We had paced the entire length of the 150-foot bed, straining to glimpse a touch of green hidden amidst the rocks and clumps of sun-dried soil. Pete casually kicked the baking dust and joked, "It's not like these carrots are my livelihood or anything."
A burst of laughter escaped before my breath caught. I paused. These carrots certainly formed part of Pete's livelihood. We needed them to grow but had to consider the possibility of crop failure. A week later, we exclaimed as green pinpricks squeezed through tired, dry soil, arriving on the tail end of a typical one to three week germination window. Had they never appeared, Tobin or Pete would have tilled the soil under and tried again or planted cover crops, knowing that they faced the particularly difficult challenge of reviving these tired fields that had supported chemically-treated corn for years, until this past summer.
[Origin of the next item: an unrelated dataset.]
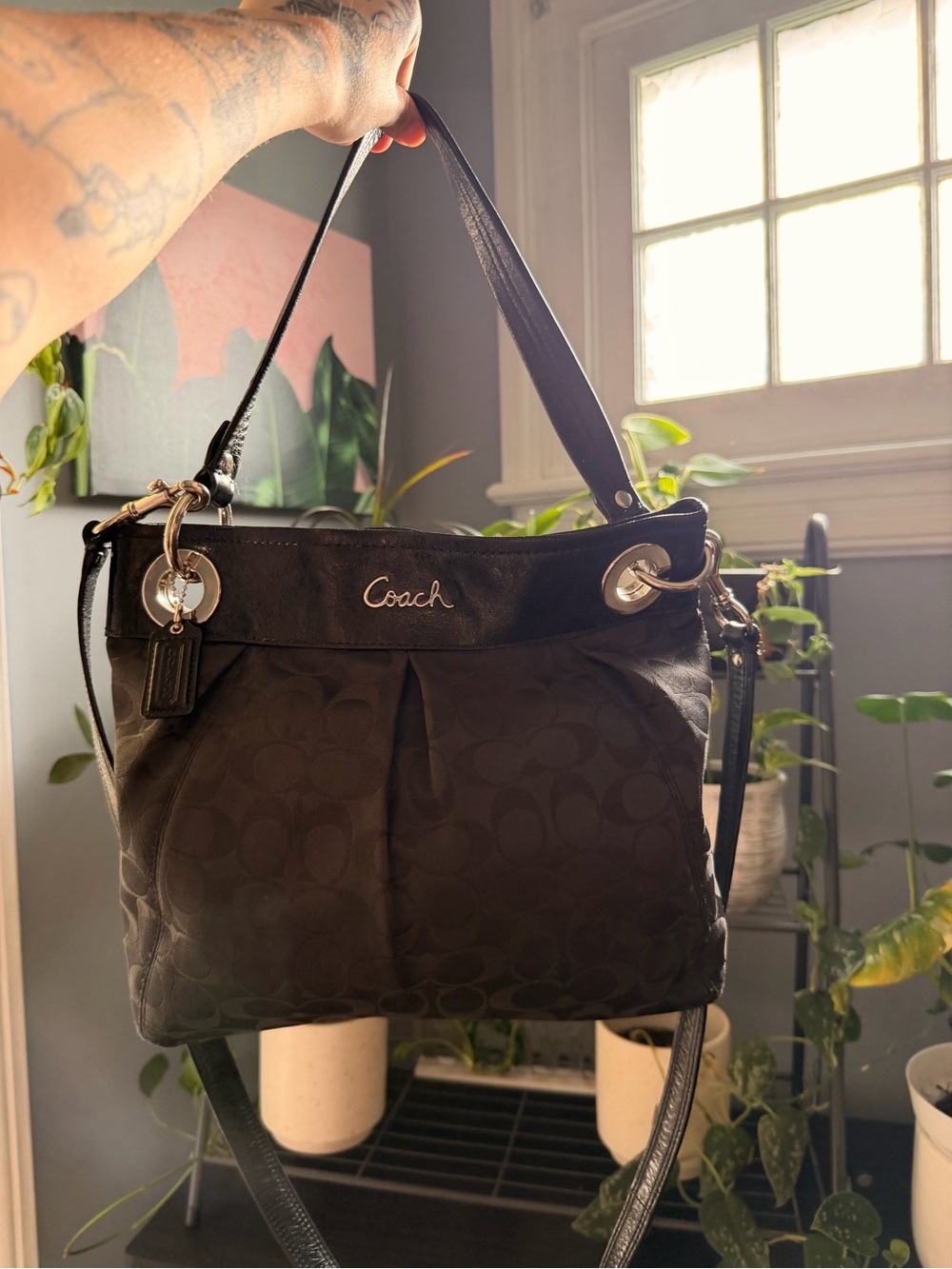 COACH Ashley Signature Sateen Hippie Convertible Hobo Bag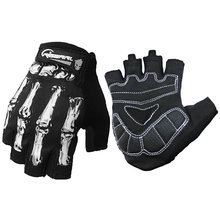 1 Pair 3D Print Cycling Gloves Half Finger Anti-Slip Bike Bicycle Sports Mesh Winter Skull Skeleton Goth Racing Motocross Gloves 2024 - buy cheap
And so, in the winter of 2013, Tobin Porter-Brown and Pete Mclean didn't just agree to create a campus farm for Amherst College; they became stewards of the land and creators of a new community. As the spring arrived with melting snow and T-shirts in 40-degree weather, Tobin and Pete met with students, finalized a loose set of field plans, and began to assemble the infrastructure necessary for a small, organic, start-up farm.
A hoop house appeared with the help of friends at a neighboring farm, while bees arrived as part of a graduate student's thesis. Compost heaps dotted the field's edge while an Amherst local experimented with composting and built his own business. However, the Amherst town was not the only community gathering around the incipient farm; Amherst College sparkled with excitement about the farm as students realized we would be eating food grown on our land, and professors dreamed of classes taught on site. A tractor appeared on campus, accompanied by a student in a chicken suit. Students designed the Book and Plow Farm logo and organized the first annual Farm Fest, which 1,200 people attended -- an epic turnout for a school of 1,800. The Center for Community Engagement created internship opportunities, encouraging Amherst students to spend the summer working for Tobin and Pete, which is how I came to stand in a bed of unseen carrots with Pete, kicking dust and learning life lessons alongside organic farming.
I will never forget the experience of interning at Book and Plow under the incredible leadership of Pete and Tobin. In less than a year they have established a vibrant community around their farm and positively impacted the lives of everyone at Amherst. Student groups learn about sustainability as they volunteer in the field while others build special topics classes that Pete and Tobin visit each week. The two are role models on campus and engage students in an entirely different type of education, one in creating personal connections, leading a fulfilling lifestyle, taking pride in physical labor, and respecting the earth. Amherst College would be incomplete without their presence.